The steadfast support of her family was critical to her development as a professional writer.  From 1811 until 1816, with the release of “Sense and Sensibility (1811)”,” Pride and Prejudice (1813)”, “Mansfield Park (1814)” and “Emma (1815)”, she achieved success as a published writer. She wrote two additional novels, Northanger Abbey and Persuasion, both published posthumously in 1818, and began a third, which was eventually titled Sanditon, but died before completing it.
Austen's works critique the novels of sensibility of the second half of the 18th century and are part of the transition to 19th-century realism.  Her plots, though fundamentally comic, highlight the dependence of women on marriage to secure social standing and economic security. Her works, though usually popular, were first published anonymously and brought her little personal fame and only a few positive reviews during her lifetime, but the publication in 1869 of her nephew's A Memoir of Jane Austen introduced her to a wider public, and by the 1940s she had become widely accepted in academia as a great English writer. The second half of the 20th century saw a proliferation of Austen scholarship and the emergence of a Janeite fan culture.
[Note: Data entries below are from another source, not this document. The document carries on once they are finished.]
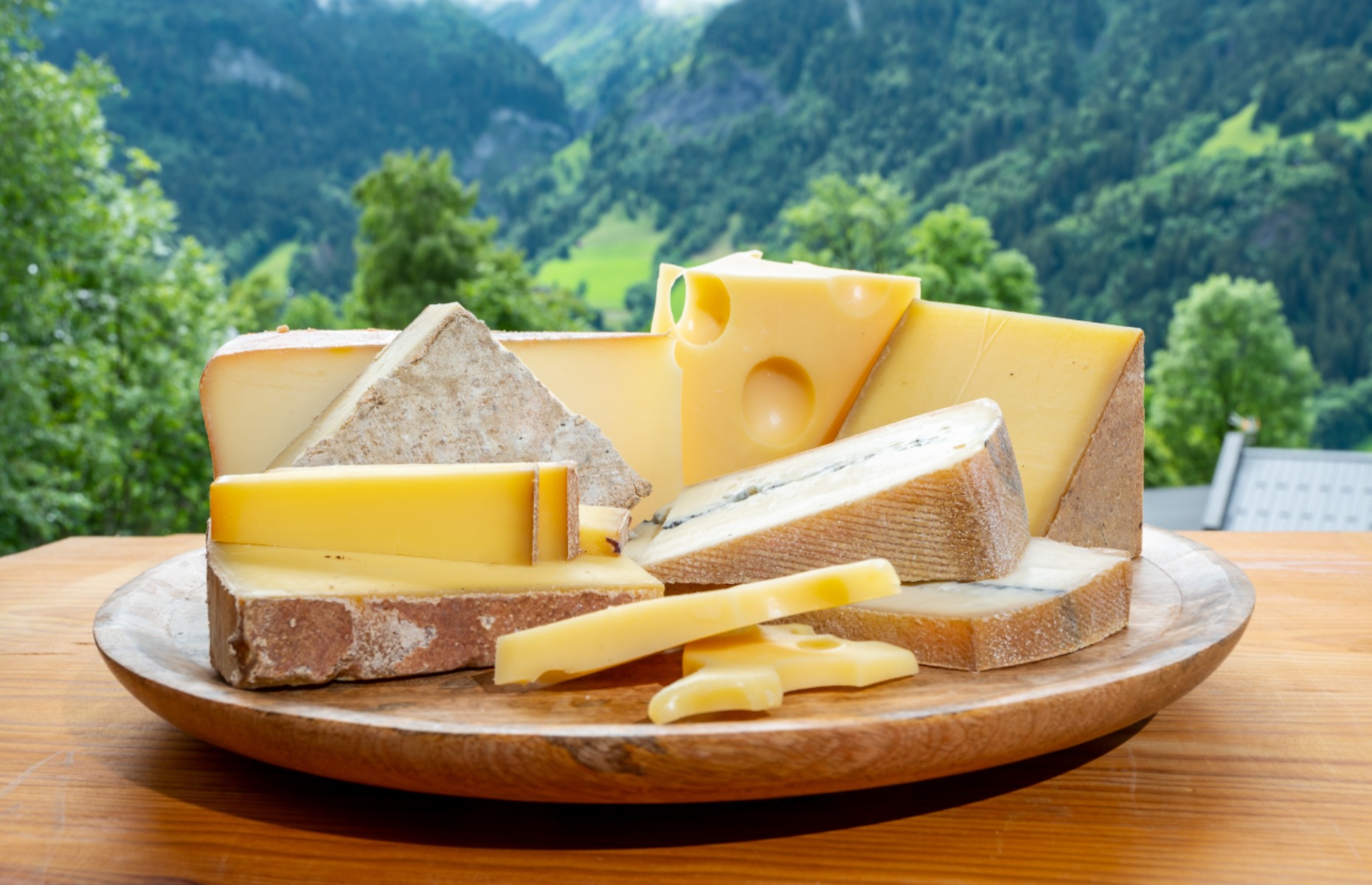 Alpine cheeses (Image: barmalini/Shutterstock)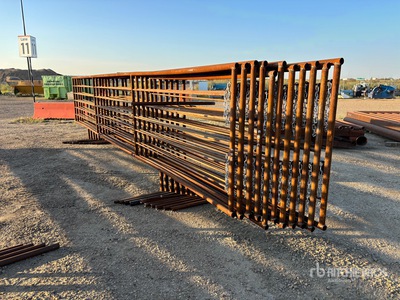 Quantity of (11) 24 ft x 5 ft Livestock Panel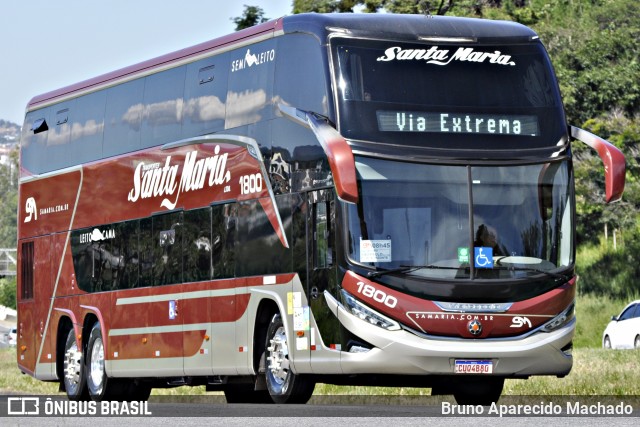 Santa Maria Fretamento e Turismo > Transportes Santa Maria(SP) 1800 na cidade de Atibaia, São Paulo, Brasil, por Bruno Aparecido Machado. Número da foto: #12899629.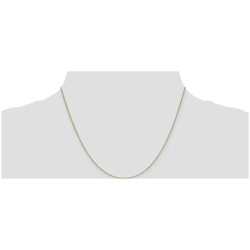14k Yellow Gold 18-Inch Cable Necklace Chain | Jewelry | Judaica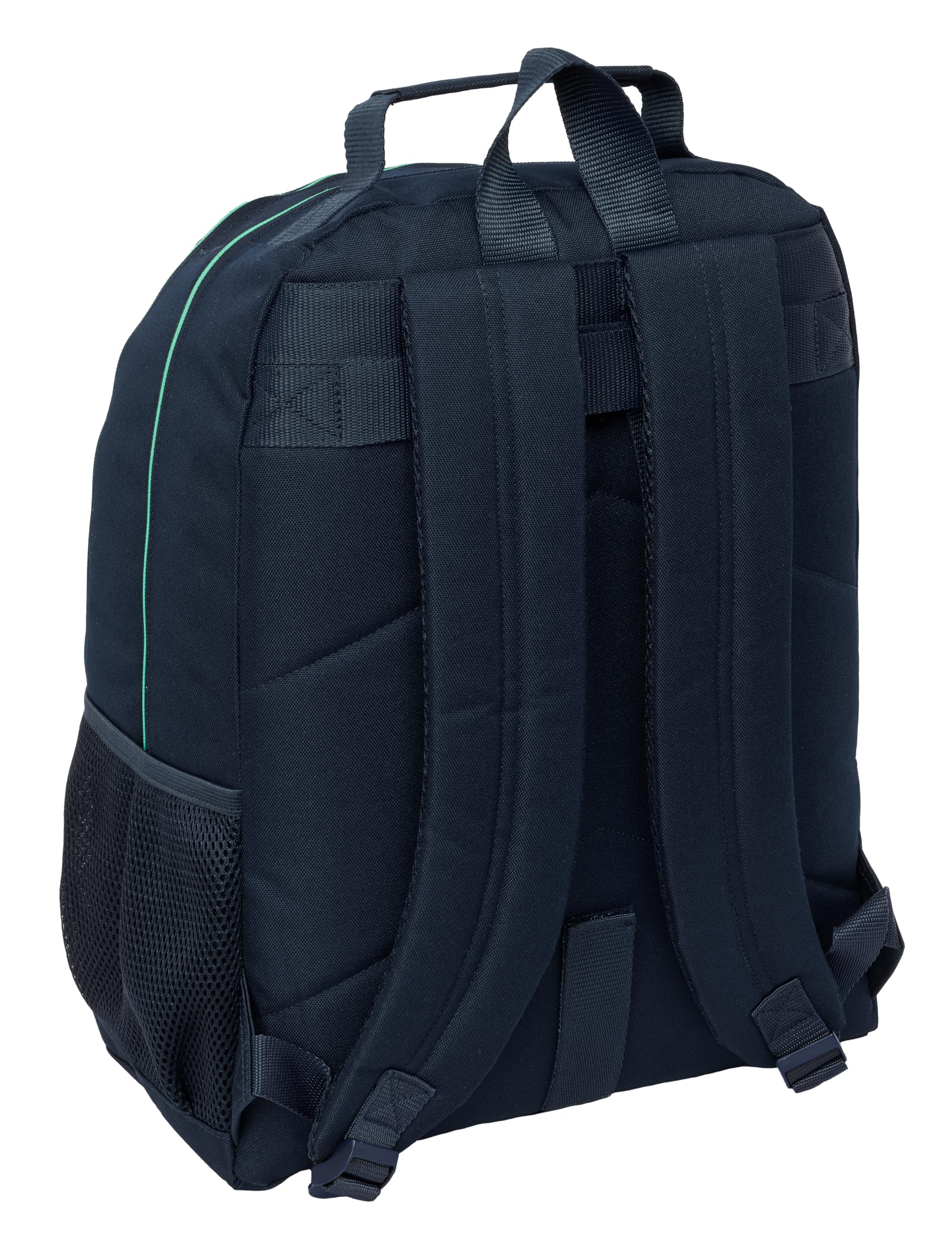 REAL MADRID 2ª EQUIPACIÓN 25/26 - Mochila Safta Escolar, Mochila, Ideal para Niños de Diferentes Edades, Cómoda y Versátil, Calidad y Resistencia, 32x16x42 cm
Jane Austen’s style of writing:

Jane Austen’s discrete literary style relies on a combination of irony, parody, burlesque, free indirect speech, and a degree of realism. She uses parody and burlesque for effect of comedy and to critique the portrayal of women in 18th-century sentimental and gothic novels. Austen extends her critique by highlighting social hypocrisy through irony. She often creates an ironic tone through free indirect speech in which the thoughts, ideas and words of the characters mix with the voice of the narrator.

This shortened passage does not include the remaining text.